* _Problem details_: Among the entries below, find the line with "Looking at this", then quote it and each following line up to and including the line with "So, what do", and nothing else.

* _Entries shown_:
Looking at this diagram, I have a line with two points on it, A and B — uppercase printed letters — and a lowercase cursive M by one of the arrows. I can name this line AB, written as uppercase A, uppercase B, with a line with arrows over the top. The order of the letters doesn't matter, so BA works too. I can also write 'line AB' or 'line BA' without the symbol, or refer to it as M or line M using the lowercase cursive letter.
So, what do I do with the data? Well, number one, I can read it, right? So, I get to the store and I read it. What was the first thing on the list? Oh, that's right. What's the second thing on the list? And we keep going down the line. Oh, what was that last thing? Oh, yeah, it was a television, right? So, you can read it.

---

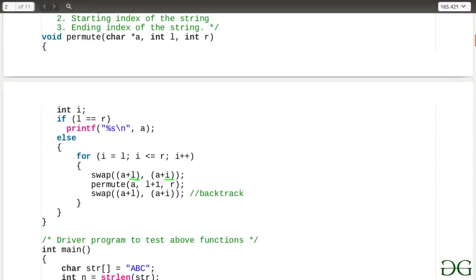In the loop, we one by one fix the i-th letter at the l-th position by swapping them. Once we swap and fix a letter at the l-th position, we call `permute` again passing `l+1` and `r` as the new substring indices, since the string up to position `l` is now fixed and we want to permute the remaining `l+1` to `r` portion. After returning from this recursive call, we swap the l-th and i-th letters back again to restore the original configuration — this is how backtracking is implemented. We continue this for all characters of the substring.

...

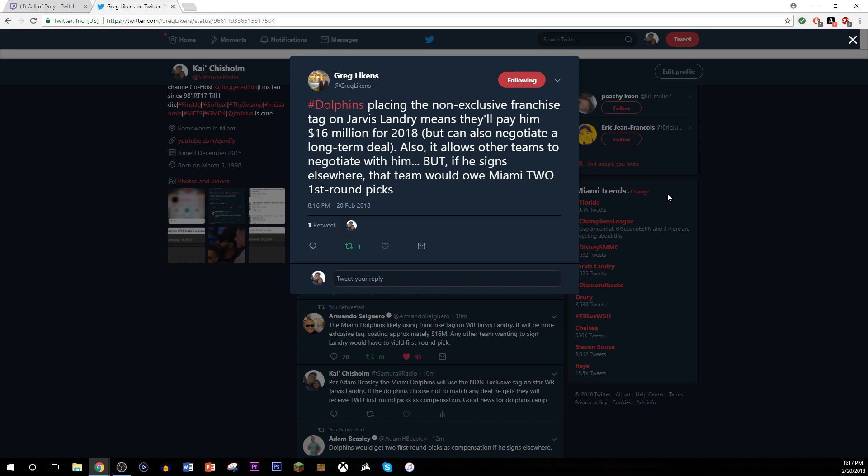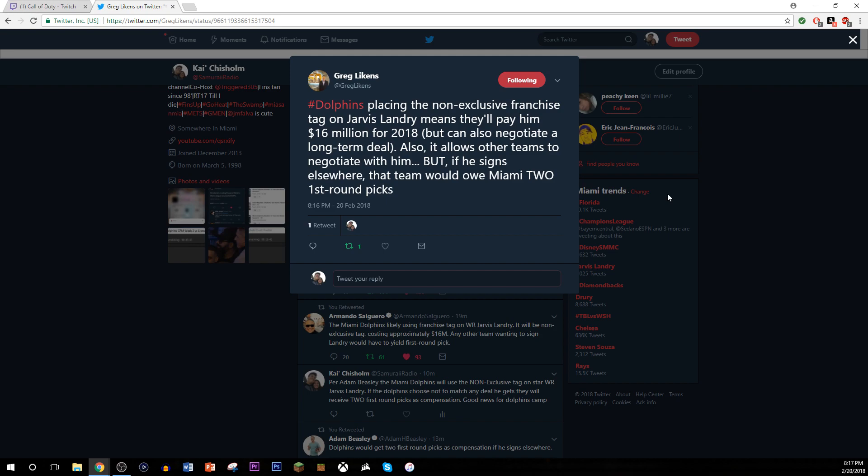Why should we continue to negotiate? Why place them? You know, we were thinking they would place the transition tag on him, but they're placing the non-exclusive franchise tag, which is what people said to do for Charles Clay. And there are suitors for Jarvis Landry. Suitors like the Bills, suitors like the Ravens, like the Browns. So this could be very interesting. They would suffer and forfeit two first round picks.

* _Solution to this exercise_:
Looking at this diagram, I have a line with two points on it, A and B — uppercase printed letters — and a lowercase cursive M by one of the arrows. I can name this line AB, written as uppercase A, uppercase B, with a line with arrows over the top. The order of the letters doesn't matter, so BA works too. I can also write 'line AB' or 'line BA' without the symbol, or refer to it as M or line M using the lowercase cursive letter.
So, what do I do with the data? Well, number one, I can read it, right? So, I get to the store and I read it. What was the first thing on the list? Oh, that's right. What's the second thing on the list? And we keep going down the line. Oh, what was that last thing? Oh, yeah, it was a television, right? So, you can read it.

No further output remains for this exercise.